--- START ---
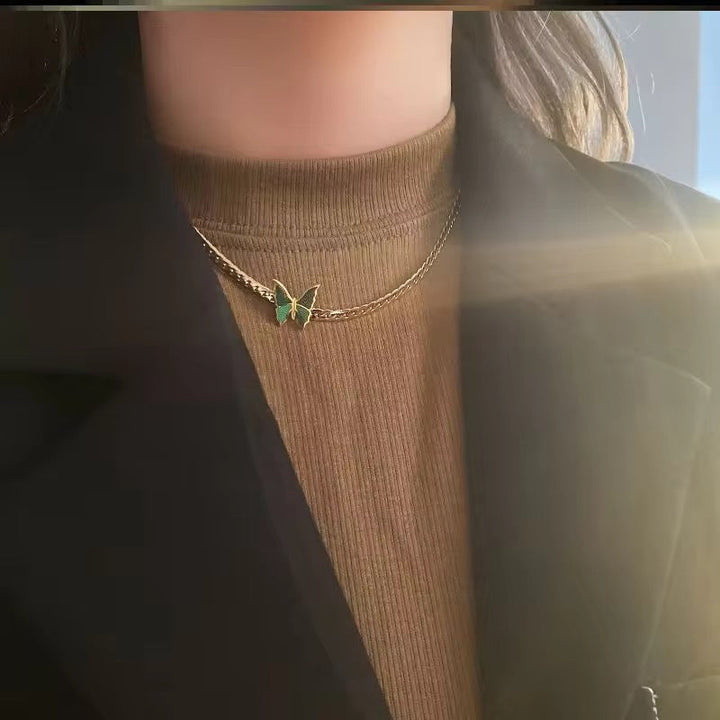 Emerald Flutter Butterfly Choker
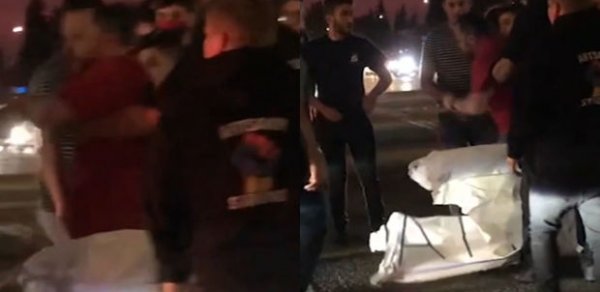 ABŞ-da aksiya zamanı yolu bağlayan erməniləri taxta ilə döydülər - VİDEO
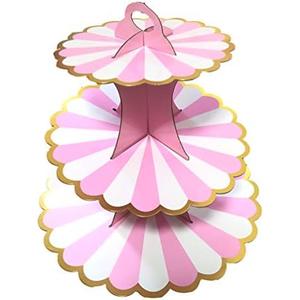 BRTOPMY 3 Tier Cupcake Stand with Candyland Lollipop Cupcake Stand Tower Stand for Weddings Baby Showers Birthday Parties Thanksgiving Cupcake Party Decorations Pink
--- END ---
◆ **Work task**: Your answer must be the full listing, word for word, minus any images.

◆ **Written reply**:
 Emerald Flutter Butterfly Choker
 ABŞ-da aksiya zamanı yolu bağlayan erməniləri taxta ilə döydülər - VİDEO
 BRTOPMY 3 Tier Cupcake Stand with Candyland Lollipop Cupcake Stand Tower Stand for Weddings Baby Showers Birthday Parties Thanksgiving Cupcake Party Decorations Pink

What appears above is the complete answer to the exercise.